What do you mean you won’t be alone?

She gives me a smile that’s both sad and terrifying. “You know what I mean. You know that I’m cursed, and will continue to be cursed until you set me free. But you don’t want to do that anymore, I can tell. It doesn’t matter. I will find my way. But you…you have lost your way. And when you lose your way, you’ll so easily be led. Believe me on that.”

Then she gets up and starts moving backward until she fades into the shadows of the room and then she’s completely gone.
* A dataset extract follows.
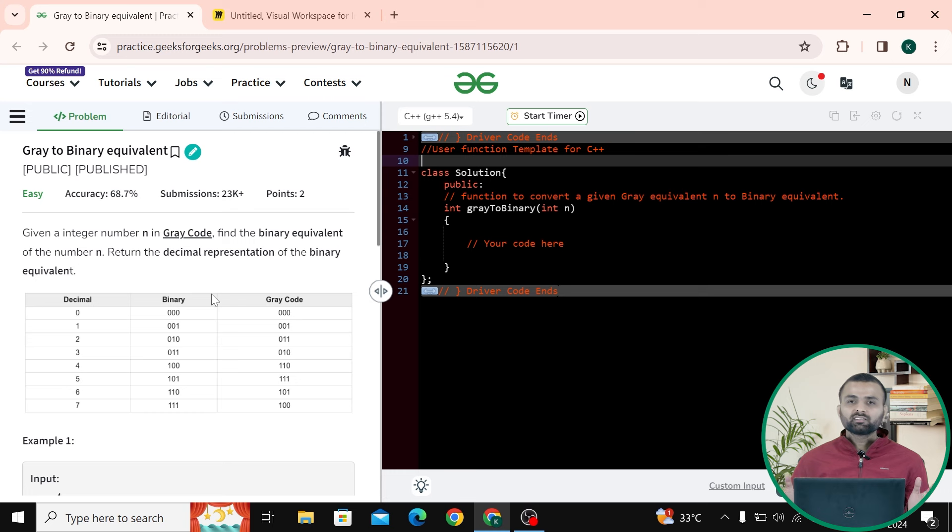Hi all. Welcome to GeeksforGeeks. My name is Nitin Kaplas. Let's talk about today's problem. Our problem name is Gray to Binary Equivalent. Let's read the question first.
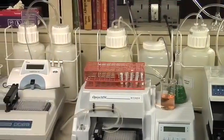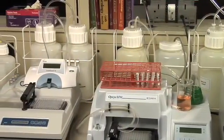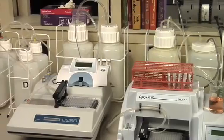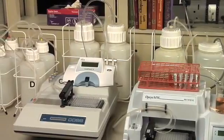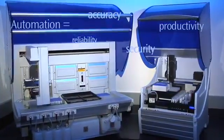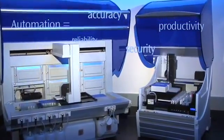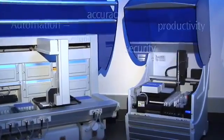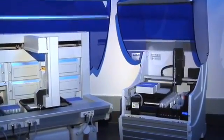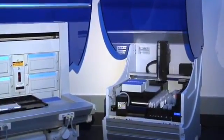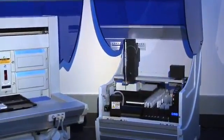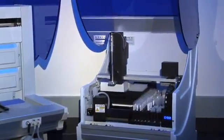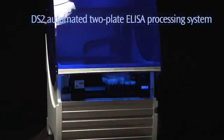Your performance requirements are huge, but your benchtop space is almost non-existent. That's why Dynex Technologies, the innovator behind the popular automated DSX four-plate ELISA processing system, designed a two-plate system to meet the demanding needs of lower throughput labs like yours.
It’s only then that I manage to breathe.

 

 

I wake up hungover, my body reeling from all the drinks last night.

My mind is reeling too. Not just over what’s happening to my father, or that Dex and I had the worst fight of our lives, or that even sex did nothing to put us back together. But that Samantha paid me a visit in the middle of the night.

The last time she’d be alone.

I don’t have to think much to know what she meant by that. For whatever reason, perhaps Samantha was trying to save me all this time? Or maybe that’s what she wants me to think. Either way, when she comes back, she’ll have the curse with her, the demon, and I know in my heart of hearts that it will be the end of me. That the both of them will take me to some place I can’t come back from.

Dex isn’t beside me, but I hear him in the kitchen, smell bacon sizzling on the stove. Normally I’d be all over this him making me breakfast after letting me sleep in, but my appetite is gone. I doubt I’ll even be able to get down dry toast.

I get up and step out of the bedroom, my mouth dry, feeling so incredibly delicate, like all my bones might break with one wrong step.

“Morning,” he says to me, giving me a quick smile over his shoulder as he stands at the stove. “How are you feeling?”

I just stare at him, my words slow. I shake my head and carefully walk forward, leaning against the island. “I don’t know how I feel.”